**ACTIVITY**
Please repeat each line below exactly, with no images in the copy.

**DATA EXTRACT**
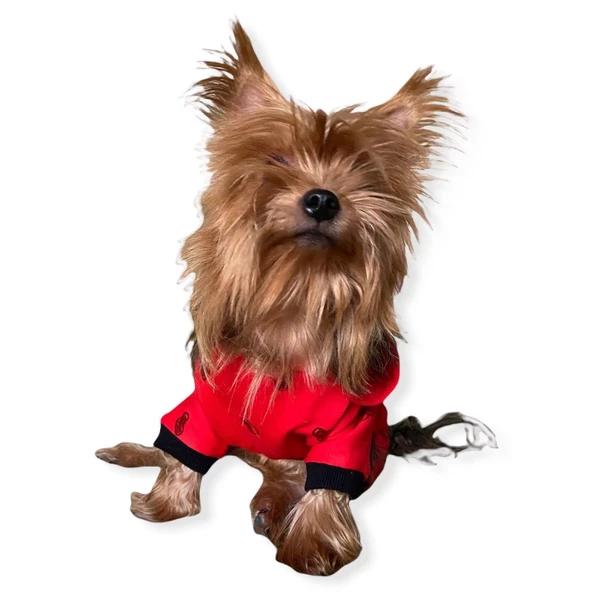 Darky Hearts Kırmızı Kapşonlu Penye Köpek Tulumu - 4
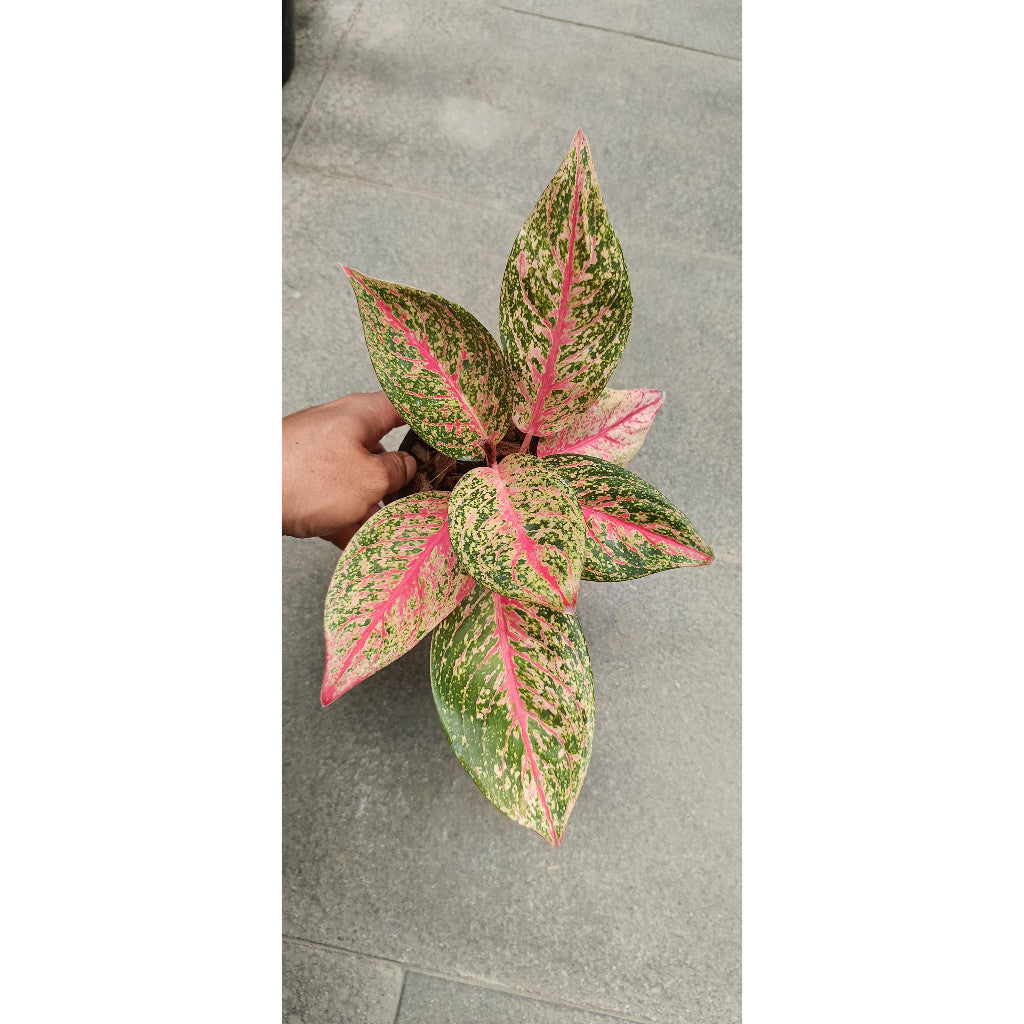 Aglaonema Tiara – Beautiful Indoor Plant with Vibrant Green and Pink Leaves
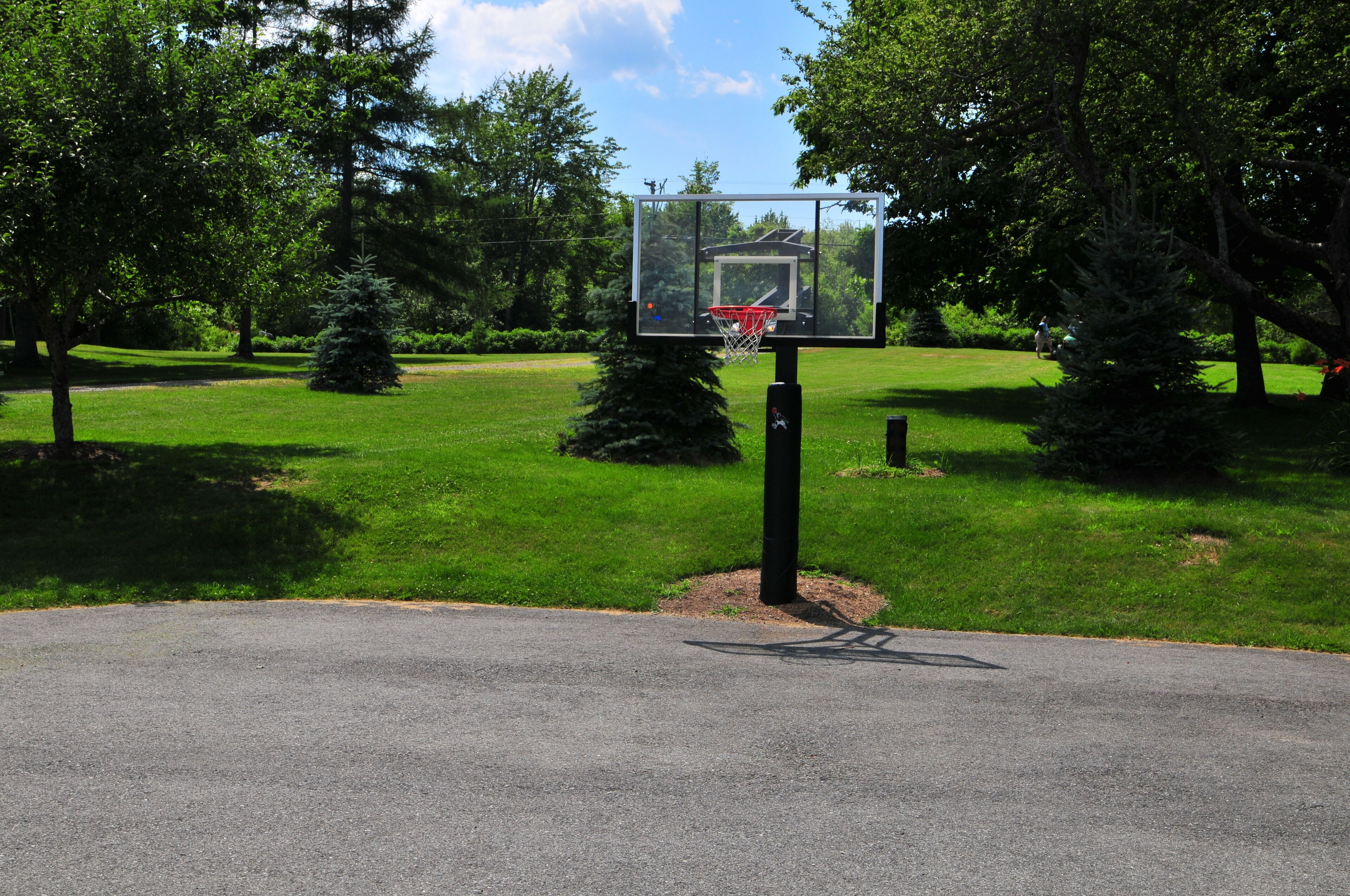 A basketball court with a hoop, surrounded by trees and a clear sky.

**SOLUTION TO THE EXERCISE**
 Darky Hearts Kırmızı Kapşonlu Penye Köpek Tulumu - 4
 Aglaonema Tiara – Beautiful Indoor Plant with Vibrant Green and Pink Leaves
 A basketball court with a hoop, surrounded by trees and a clear sky.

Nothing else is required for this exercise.